When you reach the line holding "On Writing and", please begin to restate the lines word for word and continue through the last one in the material, excluding pictures.

◆ The input:
——————
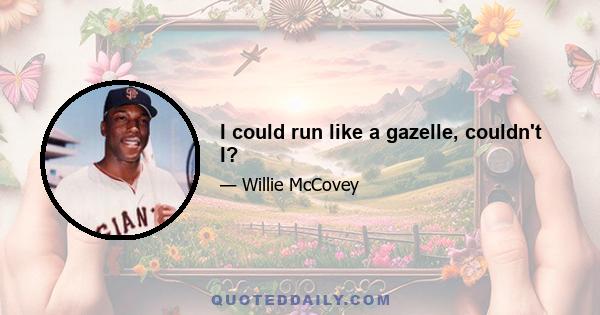 I could run like a gazelle, couldn't I?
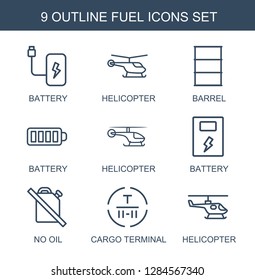 fuel icons. Trendy 9 fuel icons. Contain icons such as battery, helicopter, barrel, no oil, cargo terminal. fuel icon for web and mobile.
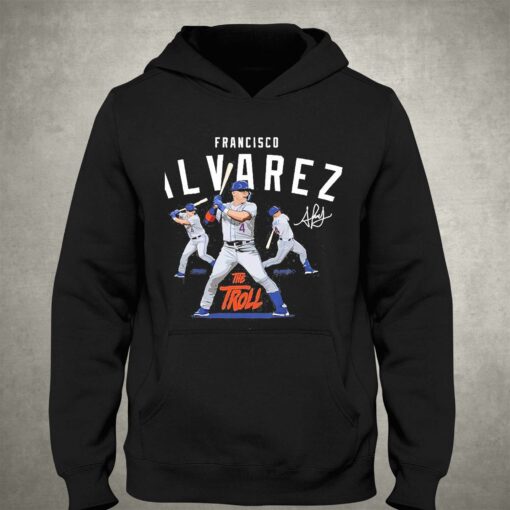 Francisco The Troll Alvarez Signature Shirt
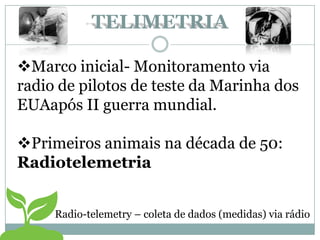Marco inicial- Monitoramento via
radio de pilotos de teste da Marinha dos
EUAapós II guerra mundial.
Primeiros animais na década de 50:
Radiotelemetria
Radio-telemetry – coleta de dados (medidas) via rádio
TELIMETRIA
 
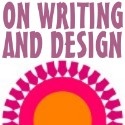 On Writing and Design : writing, design and related subjects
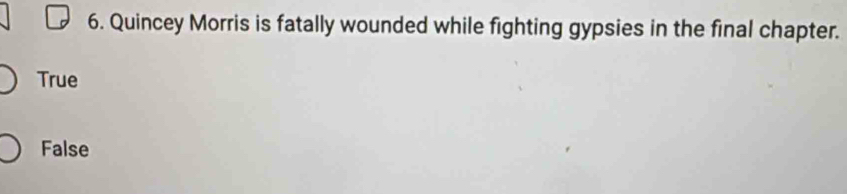 Quincey Morris is fatally wounded while fighting gypsies in the final chapter.
True
False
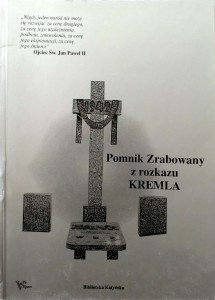 Waś Łopatko Melak, Pomnik zrabowany z rozkazu Kremla
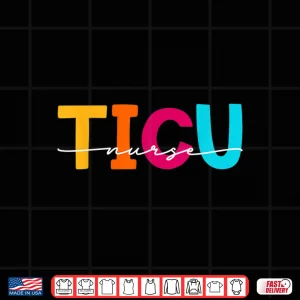 Design Ticu Nurse Trauma Icu Nurses Women Emergency Room Nurse Er Shirt 1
——————
◆ Result of the exercise:
 On Writing and Design : writing, design and related subjects
 Quincey Morris is fatally wounded while fighting gypsies in the final chapter.
True
False
 Waś Łopatko Melak, Pomnik zrabowany z rozkazu Kremla
 Design Ticu Nurse Trauma Icu Nurses Women Emergency Room Nurse Er Shirt 1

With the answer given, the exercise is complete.